## [STUDY MATERIAL]
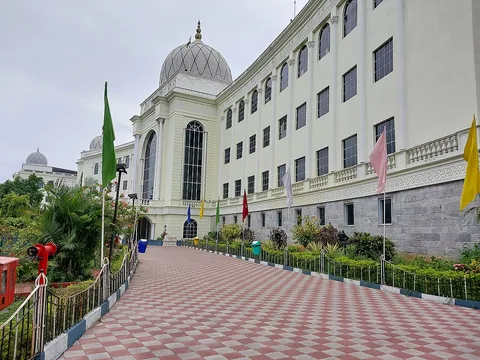 Photographie d’archive associée à Salar Jung Museum
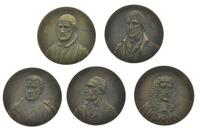 Lote 3745 - Conjunto de 5 medalhas antigas em bronze de ilustres escritores e poetas do Séc. XVII-XVIII. Frente com figura relevada do artista e período de vivência. Verso com breve história e percurso artístico alcançado. Nomes: Bocage, D. Francisco Manu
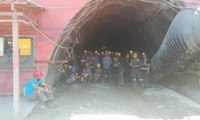 Maden ocağında çalışan işçiler ocaktan çıkmıyor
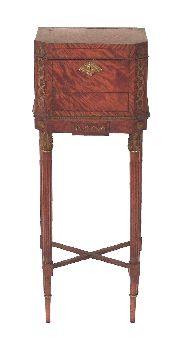 Mueble coiffeuse ingls con utensilios. Faltantes.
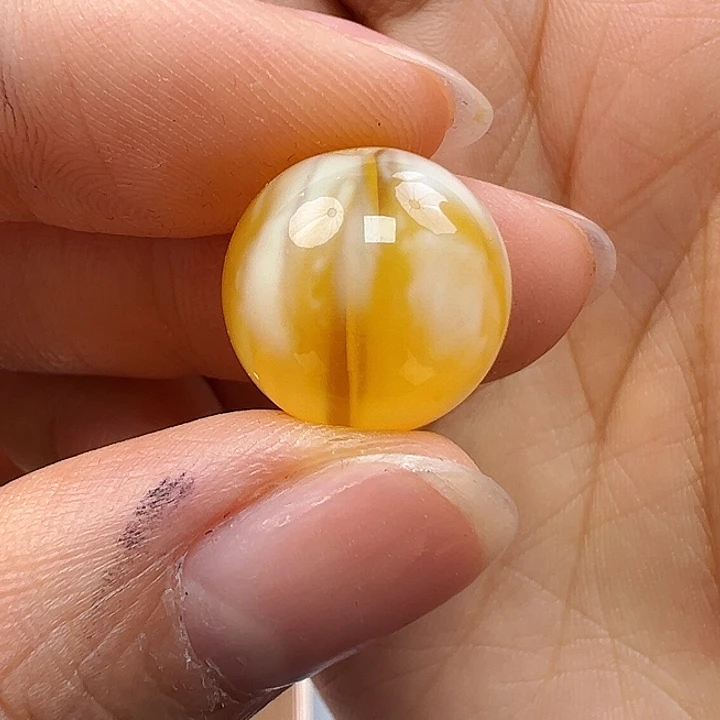 蜜蜡未镶嵌珠宝奇石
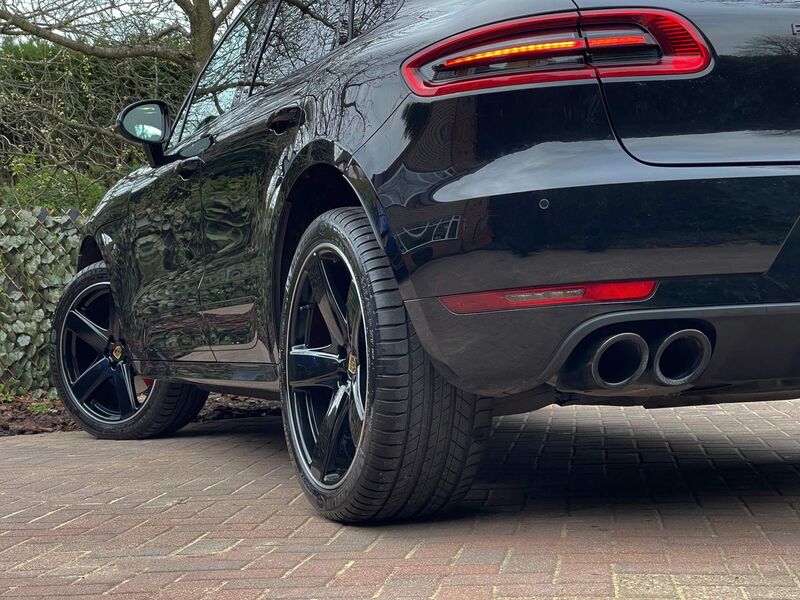 PORSCHE MACAN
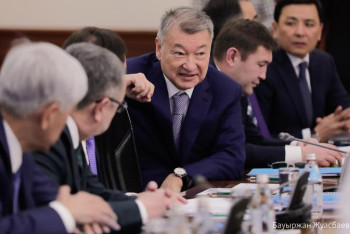 Фотография к новости: 20 млрд-ты неге сұрадың? – Тоқаев Даниал Ахметовке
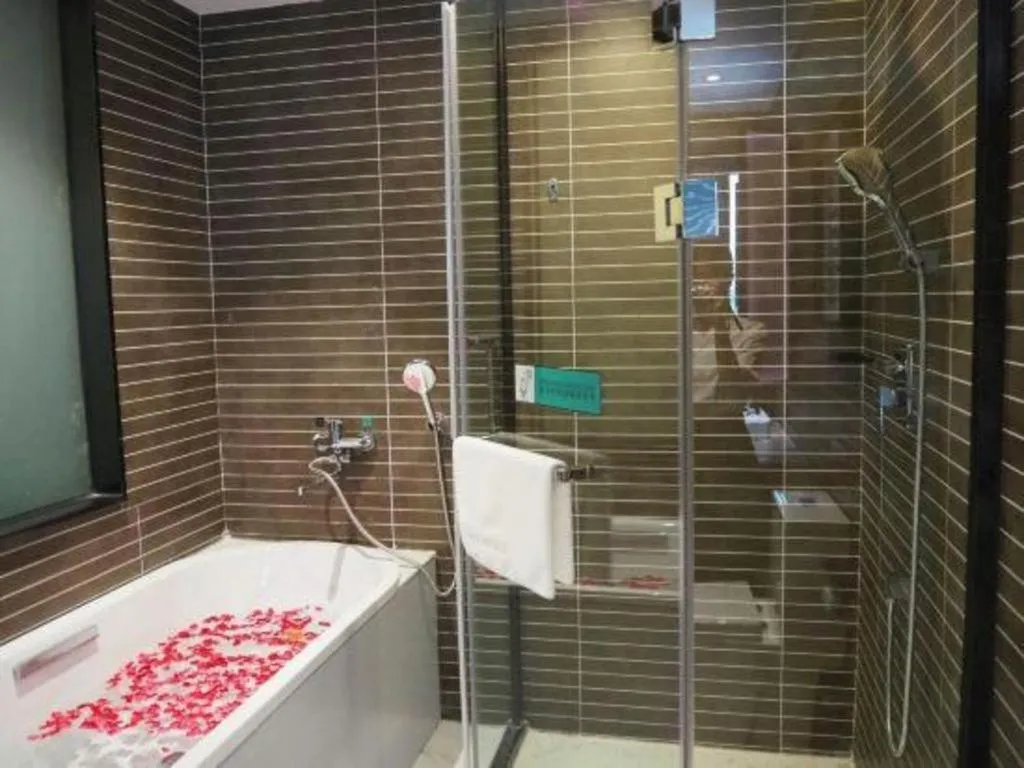 Xana Hotelle Yining Airport Road Jinwuyuan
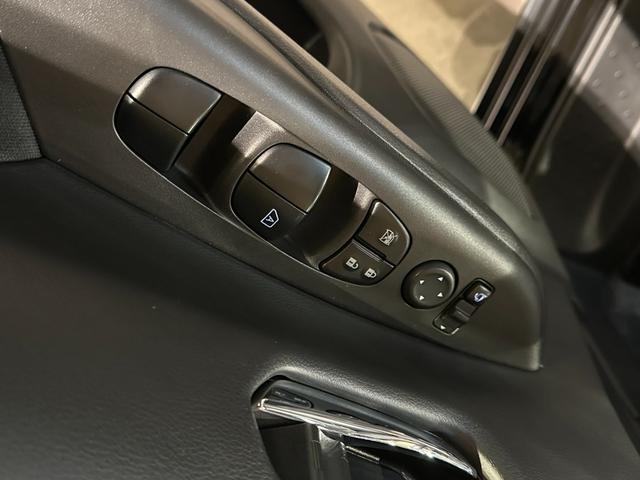 セレナ ｅ－パワー　ハイウェイスターＶ　純正エアロ　プロパイロット　純正９インチナビ／ＴＶ／ＣＤ／ＤＶＤ／Ｂｌｕｅｔｏｏｔｈ　アランドビューモニター　ドラレコ　ＥＴＣ　シートヒーター　ＬＥＤライト　フォグライト　両側パワスラドア（31枚目）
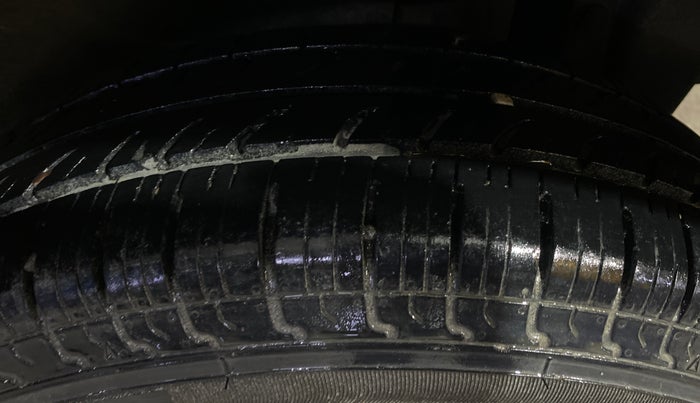2014 Maruti Swift Dzire VXI, Petrol, Manual, 60,371 km, Left Rear Tyre Tread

## [THE TASK]
Copy out the listing above exactly, and keep the pictures out of it.

## [RESPONSE AREA]
 Photographie d’archive associée à Salar Jung Museum
 Lote 3745 - Conjunto de 5 medalhas antigas em bronze de ilustres escritores e poetas do Séc. XVII-XVIII. Frente com figura relevada do artista e período de vivência. Verso com breve história e percurso artístico alcançado. Nomes: Bocage, D. Francisco Manu
 Maden ocağında çalışan işçiler ocaktan çıkmıyor
 Mueble coiffeuse ingls con utensilios. Faltantes.
 蜜蜡未镶嵌珠宝奇石
 PORSCHE MACAN
 Фотография к новости: 20 млрд-ты неге сұрадың? – Тоқаев Даниал Ахметовке
 Xana Hotelle Yining Airport Road Jinwuyuan
 セレナ ｅ－パワー　ハイウェイスターＶ　純正エアロ　プロパイロット　純正９インチナビ／ＴＶ／ＣＤ／ＤＶＤ／Ｂｌｕｅｔｏｏｔｈ　アランドビューモニター　ドラレコ　ＥＴＣ　シートヒーター　ＬＥＤライト　フォグライト　両側パワスラドア（31枚目）
2014 Maruti Swift Dzire VXI, Petrol, Manual, 60,371 km, Left Rear Tyre Tread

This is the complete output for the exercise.